Available records: Begin

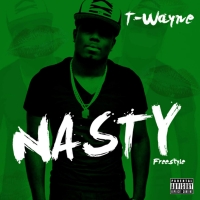 T-Wayne - Nasty Freestyle 2015 {MP3  Single}~{VBUc}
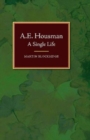 Image for A.E. Housman  : a single life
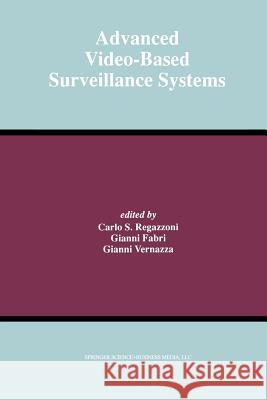 Advanced Video-Based Surveillance Systems Carlo S Gianni Fabri Gianni Vernazza 9781461373131 Springer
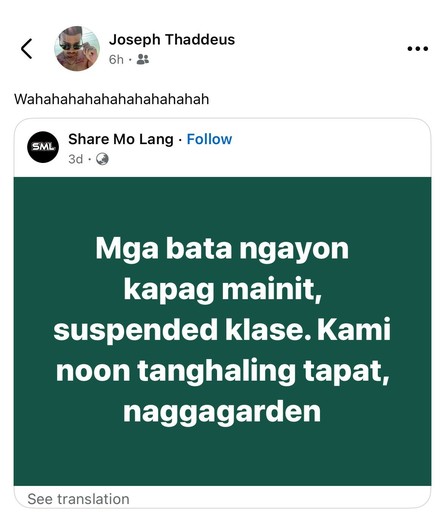 Facebook Post reading: "Mga bata ngayon kapag mainit, suspended klase. Kami noon tanghaling tapat, naggagarden."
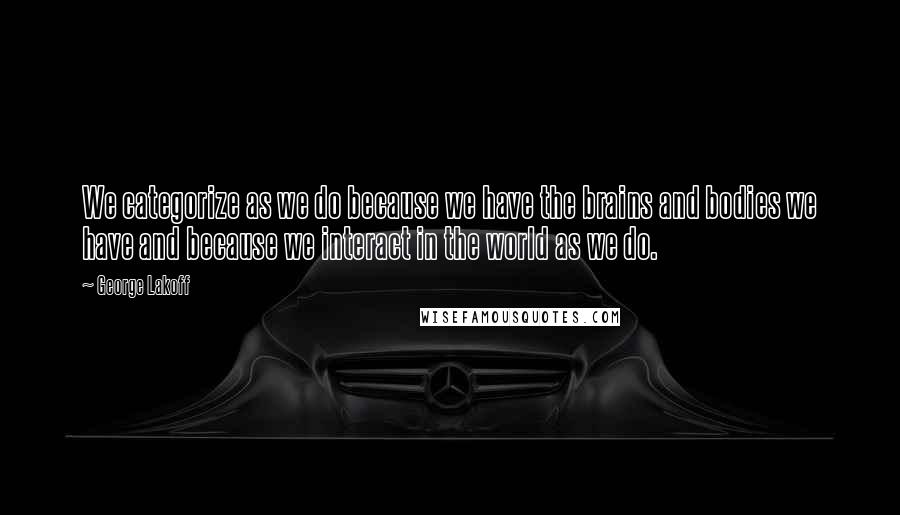 George Lakoff Quotes: We categorize as we do because we have the brains and bodies we have and because we interact in the world as we do.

Available records: End

- [Task brief]: Please restate word for word the lines above, starting with the line that holds "Image for A.E." and ending with the final line of the records, while leaving out pictures.

- [Result for this exercise]:
 Image for A.E. Housman  : a single life
 Advanced Video-Based Surveillance Systems Carlo S Gianni Fabri Gianni Vernazza 9781461373131 Springer
 Facebook Post reading: "Mga bata ngayon kapag mainit, suspended klase. Kami noon tanghaling tapat, naggagarden."
 George Lakoff Quotes: We categorize as we do because we have the brains and bodies we have and because we interact in the world as we do.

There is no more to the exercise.